IX. Warranty, liability for defects

  1. SIO guarantees the faultless function of the delivered products in the contractually agreed scope for a period of 12 months from the day of delivery. If parts or services become unusable during this period or if their usability is significantly impaired or if guaranteed properties are lacking, SIO will, at its option, repair or provide new parts or services free of charge.
  2. The warranty extends to the free repair service and the exchange of defective parts or services at SIO.
  3. In the interest of damage limitation, the customer is obliged to report defects immediately and have them rectified.
  4. Wear parts are excluded from the warranty obligation.
  5. If the customer or a third party intervenes independently in the delivery item or by its improper use, the warranty obligation is canceled.
  6. In the case of merchandise (see II. 9.), the warranty and guarantee terms of the respective manufacturer are decisive.

X. Damages

Claims for damages are excluded. This does not apply if liability is mandatory, e.g. according to the Produkthaftungsgesetz, in cases of intent, gross negligence, due to injury to life, limb or health or due to the violation of such obligations, the fulfillment of which enables the proper execution of the contract in the first place and the compliance of which the contractual partner regularly may trust (essential contractual obligations). The claim for damages for the violation of essential contractual obligations is, however, limited to the contract-typical, foreseeable damage, unless there is willful intent or gross negligence or liability for injury to life, limb or health. A change in the burden of proof to the detriment of the customer is not associated with the above regulations. This limitation of liability applies to the customer accordingly.

XI. Copyright

  1. SIO reserves the ownership and copyright exploitation rights to all documents, programs and other intellectual products without restriction. Documents, in particular detailed circuit diagrams or program listings, may only be made accessible to third parties with the prior written consent of SIO. This also applies if the product was developed solely for the customer and / or all plans or the source code for software has been handed over to him.
  2. SIO has an unlimited right of use for the products it has developed.

XII. Impossibility

If in the course of project processing it becomes impossible to achieve the original goal, the general legal principles apply with the following standard: If the impossibility is due to the fault of SIO, the customer is entitled to claim damages. However, the claim for damages is limited to 5% of the value of that part of the delivery or service which, due to the impossibility, cannot be put into appropriate operation. Claims for damages by the customer exceeding this 5% limit are excluded unless there is mandatory legal liability.

XIII. Final provisions

  1. Only the content of these terms and conditions is binding for the relationships between the contractual partners. Subsidiary agreements, changes and additions must be made in writing to be effective. This written form requirement can only be waived in writing.
  2. SIO hereby expressly objects to the business and purchasing conditions of the customer.
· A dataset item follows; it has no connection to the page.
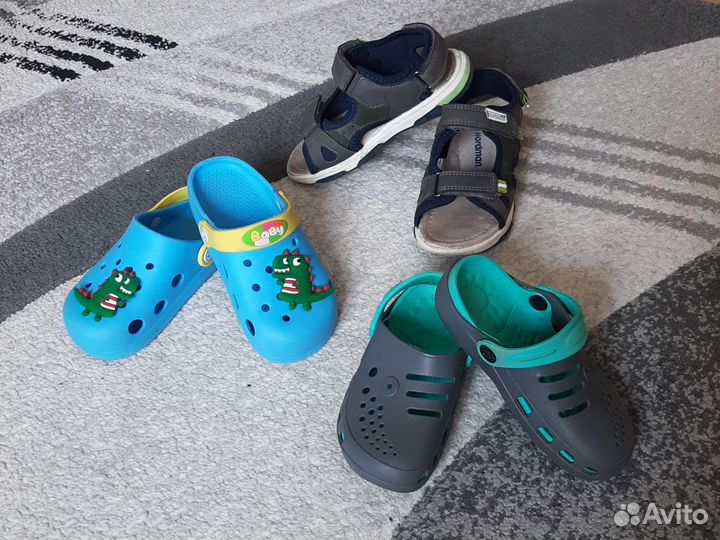 Сабо кроксы сандалии детские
You only commit SIO if it has expressed its written consent.
  3. Place of jurisdiction is the seat of SIO. German law applies to the exclusion of the UN purchase law.
  4. These conditions remain binding in their remaining parts even if individual points are legally ineffective. The parties commit to replacing ineffective provisions with those that come economically closest to the will of the contracting parties when the contract is concluded and to the objectives of the contract.

Stuttgart, September 2018

General remark
Only the German version of this document is legally binding.